▸ ACTIVITY
Reproduce the lines below exactly, from the one containing "رئيس الوزراء يؤكد" through the one containing "Vineyard Vines Women’s medium cream sweater", both included. Leave out any pictures.
--- RECORDS TO PROCESS Enclosed Below ---
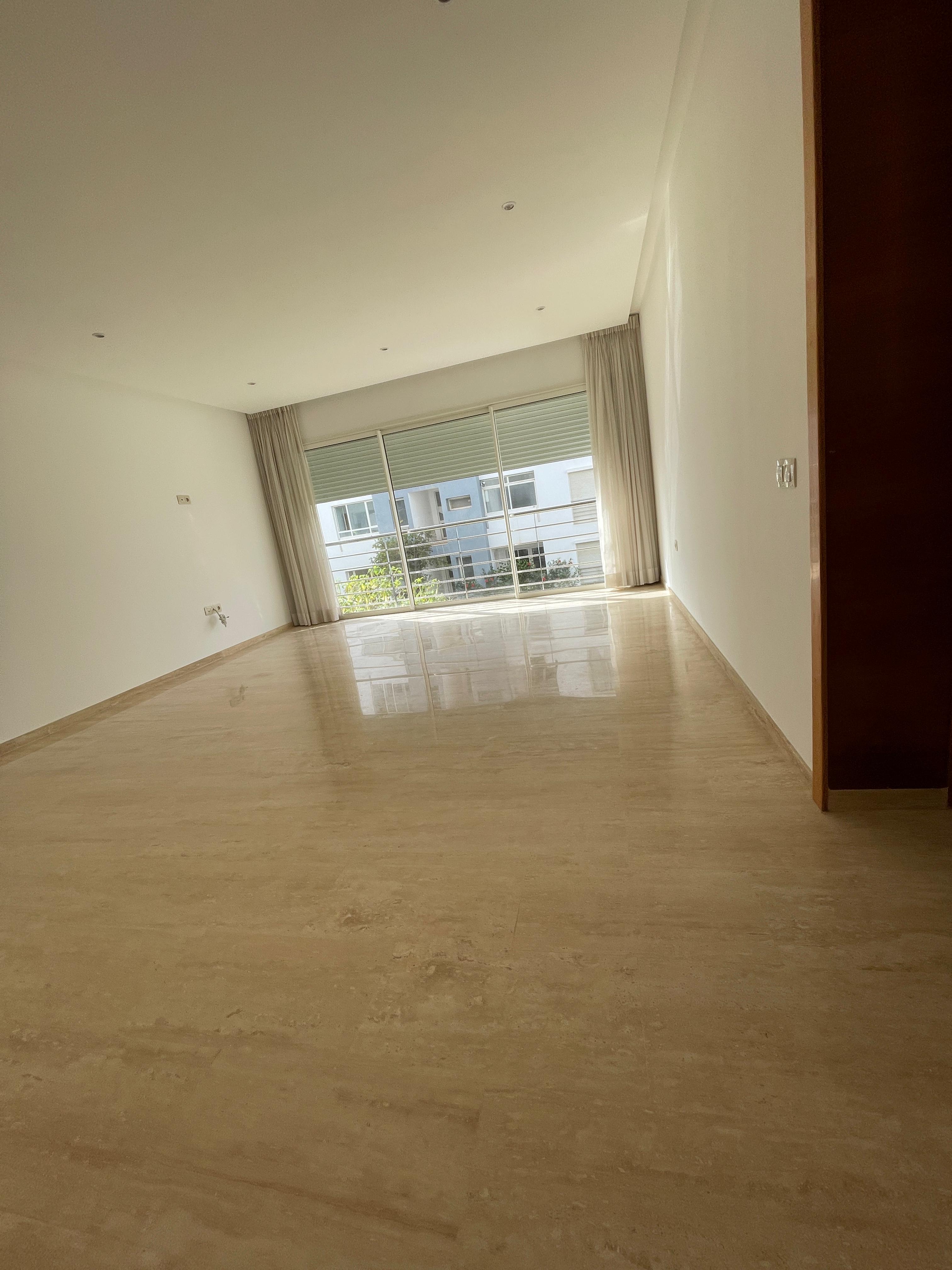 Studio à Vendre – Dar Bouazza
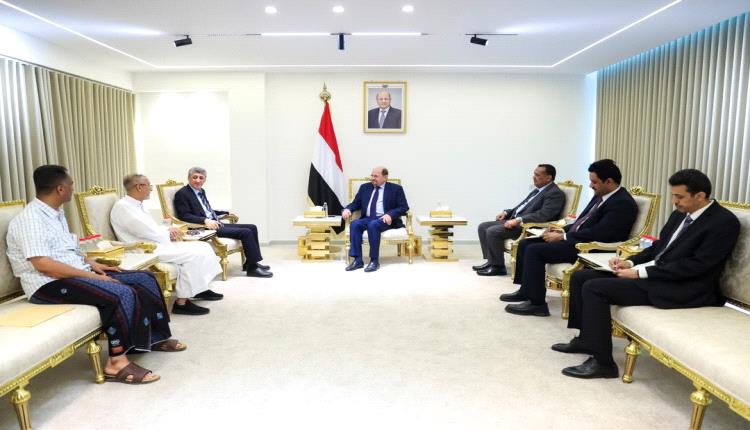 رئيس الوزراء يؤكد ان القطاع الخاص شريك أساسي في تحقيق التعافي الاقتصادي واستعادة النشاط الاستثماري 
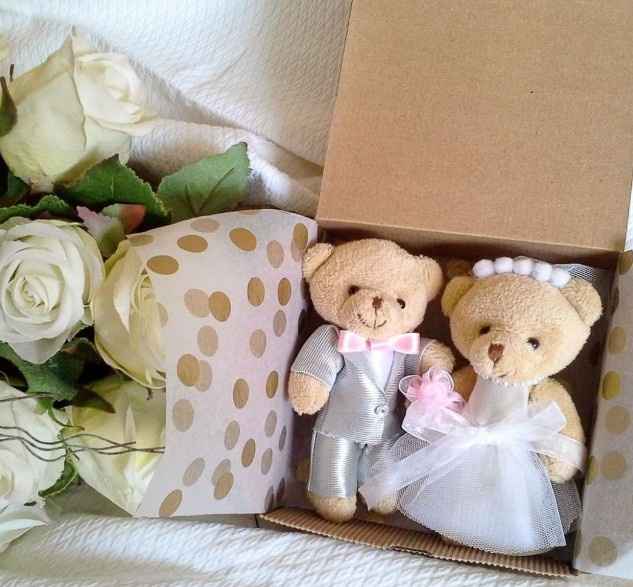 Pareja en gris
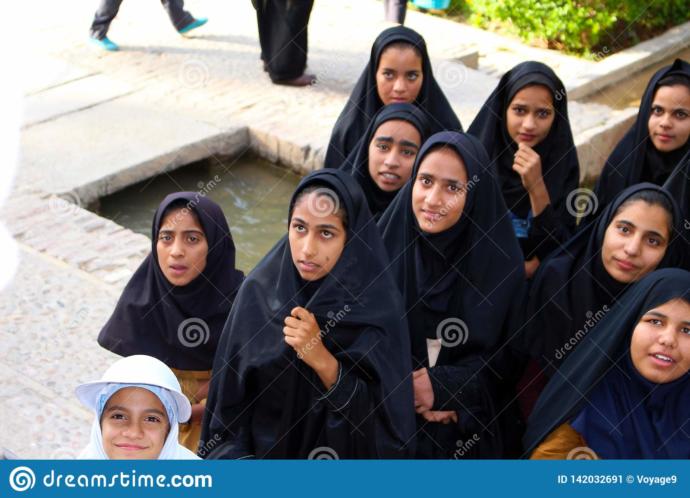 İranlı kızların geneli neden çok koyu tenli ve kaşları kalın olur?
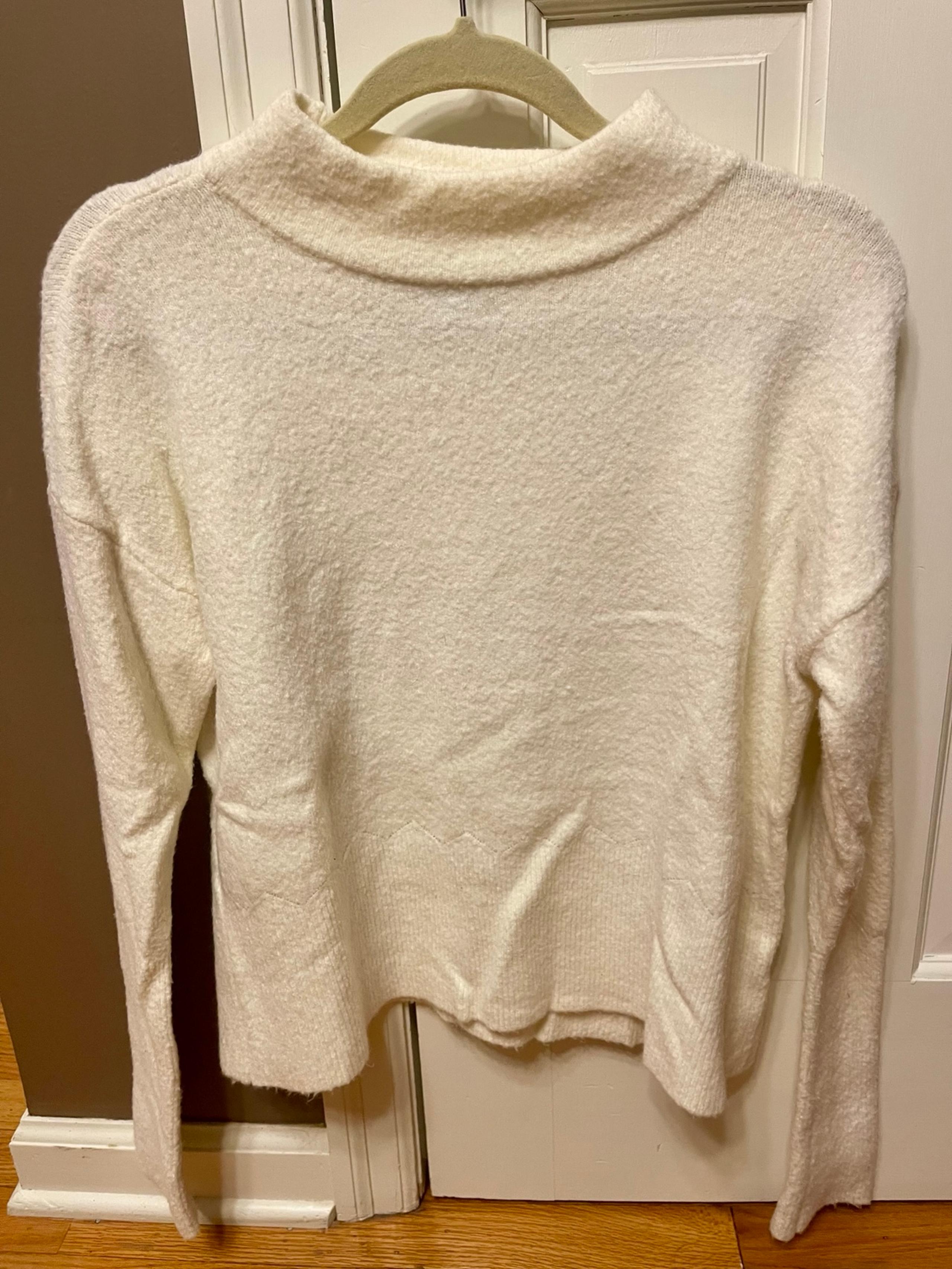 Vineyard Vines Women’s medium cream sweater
--- End of Enclosed RECORDS TO PROCESS ---
--- RECORDS TO PROCESS Enclosed Below ---
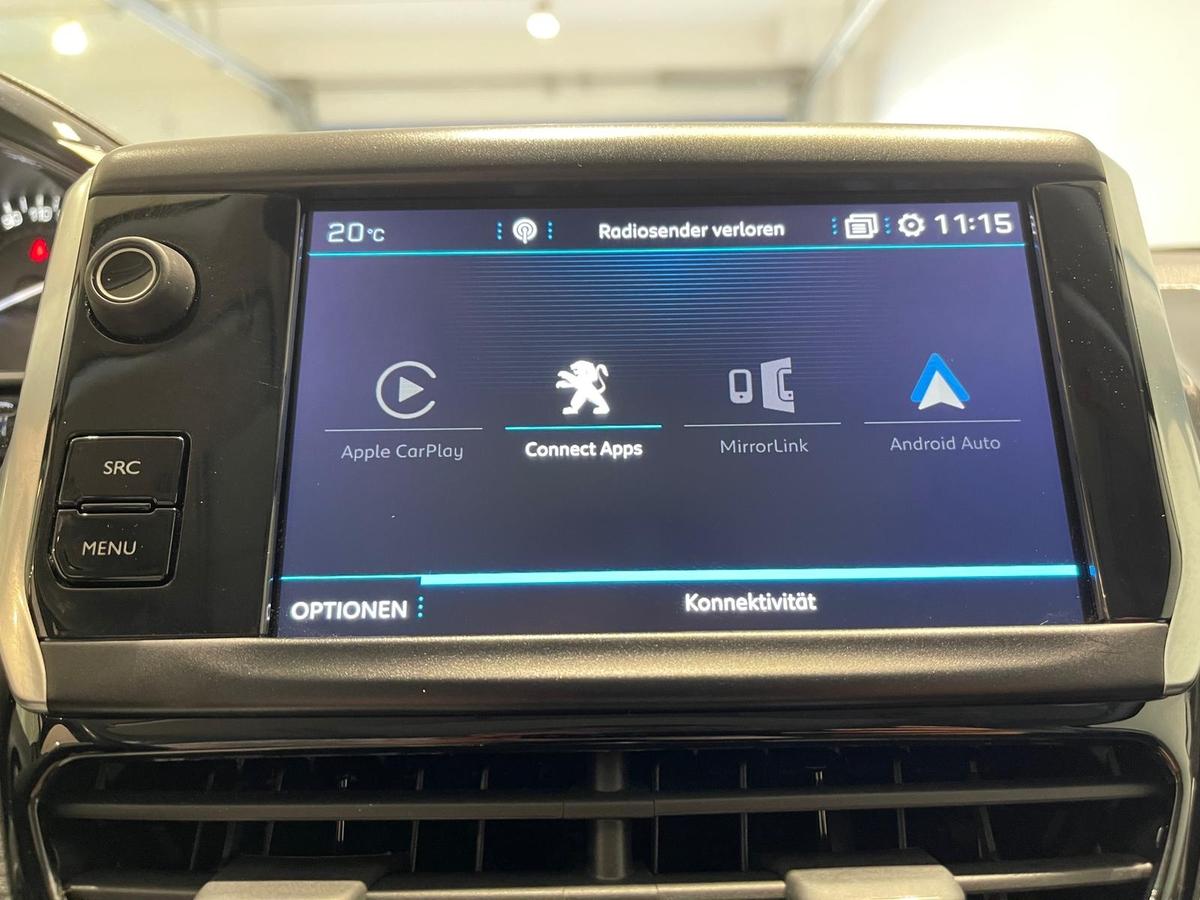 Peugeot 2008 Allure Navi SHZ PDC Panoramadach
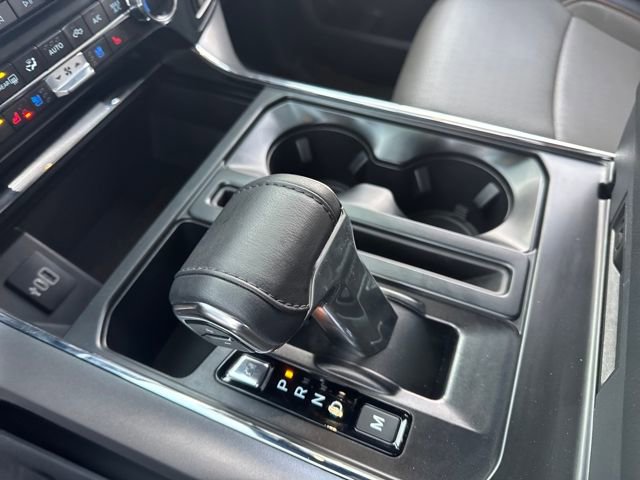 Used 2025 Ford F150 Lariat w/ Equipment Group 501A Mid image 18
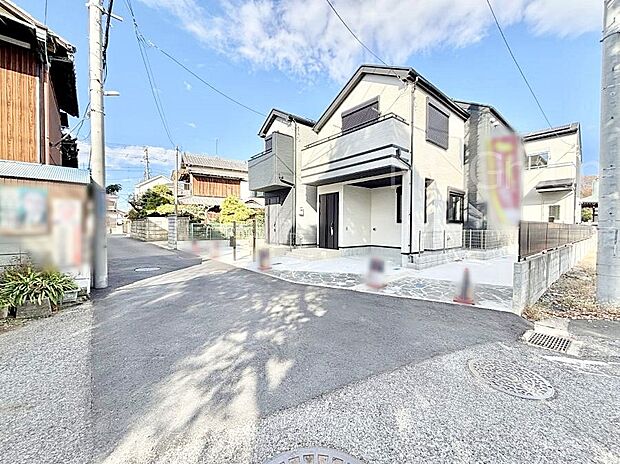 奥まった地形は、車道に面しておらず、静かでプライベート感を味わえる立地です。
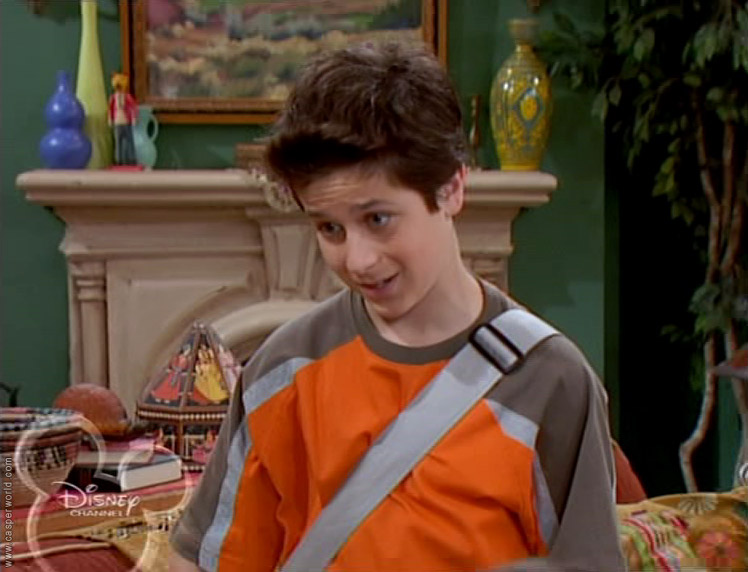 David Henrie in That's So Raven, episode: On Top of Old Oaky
--- End of Enclosed RECORDS TO PROCESS ---
▸ SOLUTION FOR THIS EXERCISE
 رئيس الوزراء يؤكد ان القطاع الخاص شريك أساسي في تحقيق التعافي الاقتصادي واستعادة النشاط الاستثماري 
 Pareja en gris
 İranlı kızların geneli neden çok koyu tenli ve kaşları kalın olur?
 Vineyard Vines Women’s medium cream sweater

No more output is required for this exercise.